Prompt: Set down, please, exactly the lines below that run from the line with "Ein Stück Toskana" to the line with "Doosan DX 55 Mini kotrók < 7t", both lines included.

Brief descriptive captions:
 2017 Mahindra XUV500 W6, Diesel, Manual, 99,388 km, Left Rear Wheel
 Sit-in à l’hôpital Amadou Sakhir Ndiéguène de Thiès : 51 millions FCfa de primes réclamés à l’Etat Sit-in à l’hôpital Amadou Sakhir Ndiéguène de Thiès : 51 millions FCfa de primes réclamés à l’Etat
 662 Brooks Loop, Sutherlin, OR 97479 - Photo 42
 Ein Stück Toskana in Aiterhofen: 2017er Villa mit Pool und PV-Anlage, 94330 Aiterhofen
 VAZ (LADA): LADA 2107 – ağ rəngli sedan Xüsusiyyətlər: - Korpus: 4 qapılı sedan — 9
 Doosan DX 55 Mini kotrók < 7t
...
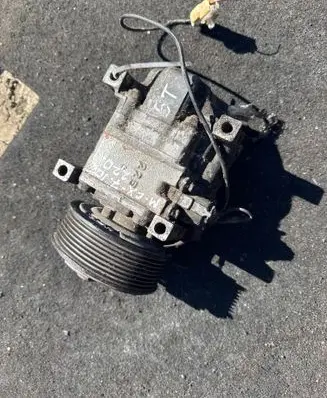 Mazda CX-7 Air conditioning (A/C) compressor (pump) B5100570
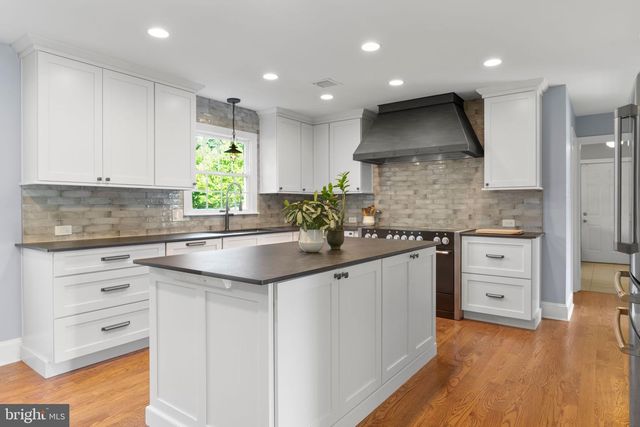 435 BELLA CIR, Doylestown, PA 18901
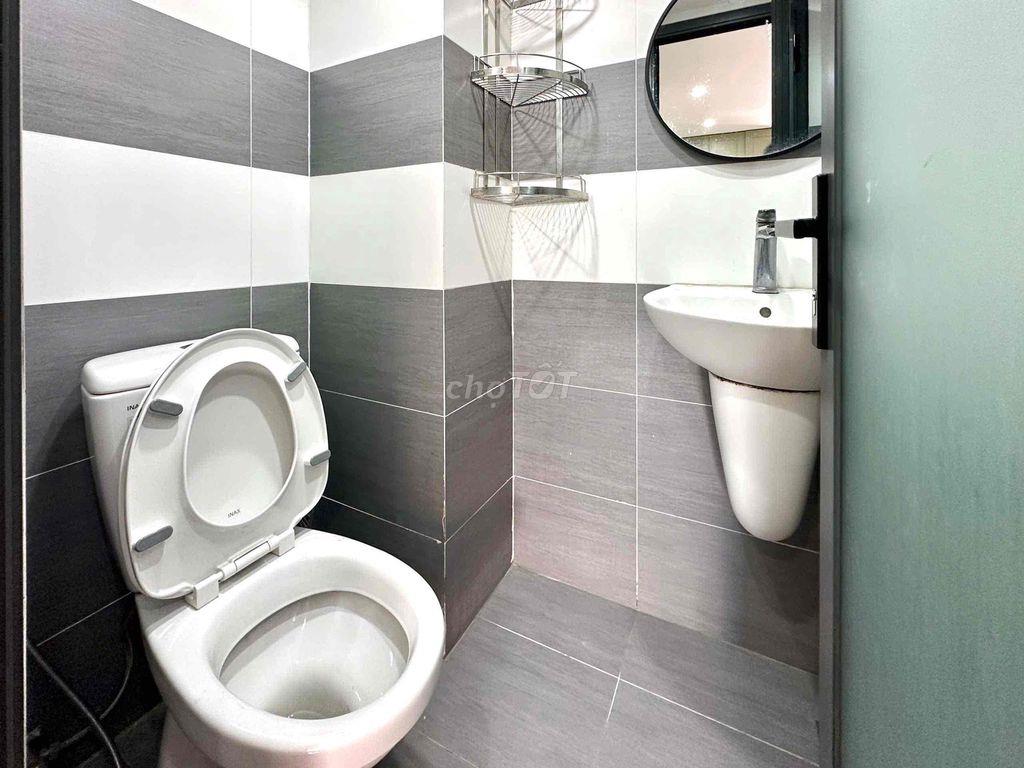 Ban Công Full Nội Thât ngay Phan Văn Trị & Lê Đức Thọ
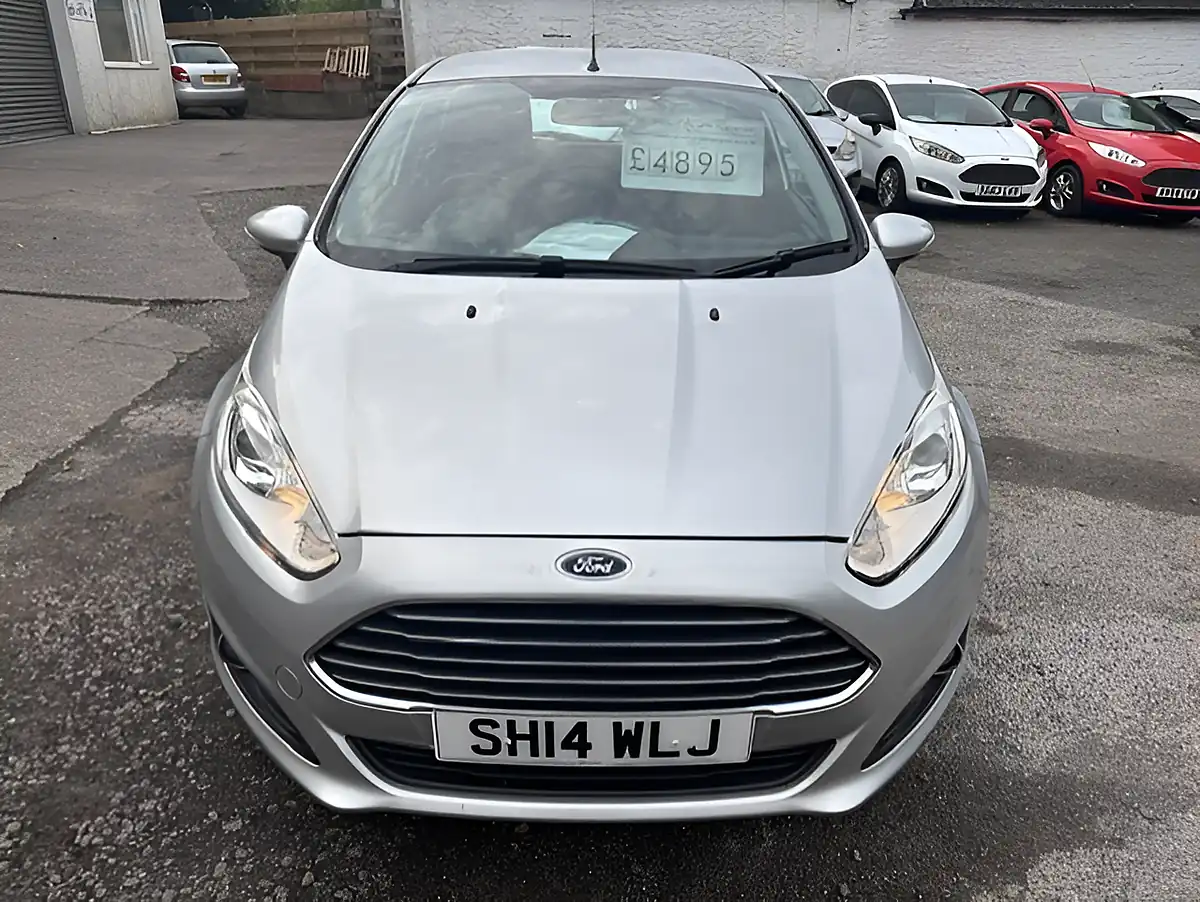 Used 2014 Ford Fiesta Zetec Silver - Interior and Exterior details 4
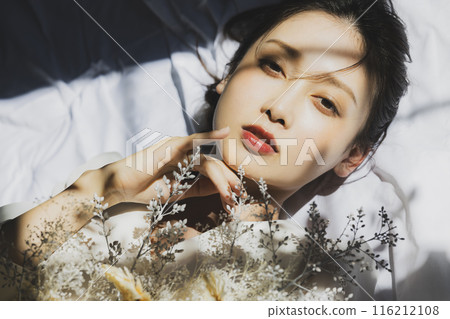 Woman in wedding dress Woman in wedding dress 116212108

Your response:
 Ein Stück Toskana in Aiterhofen: 2017er Villa mit Pool und PV-Anlage, 94330 Aiterhofen
 VAZ (LADA): LADA 2107 – ağ rəngli sedan Xüsusiyyətlər: - Korpus: 4 qapılı sedan — 9
 Doosan DX 55 Mini kotrók < 7t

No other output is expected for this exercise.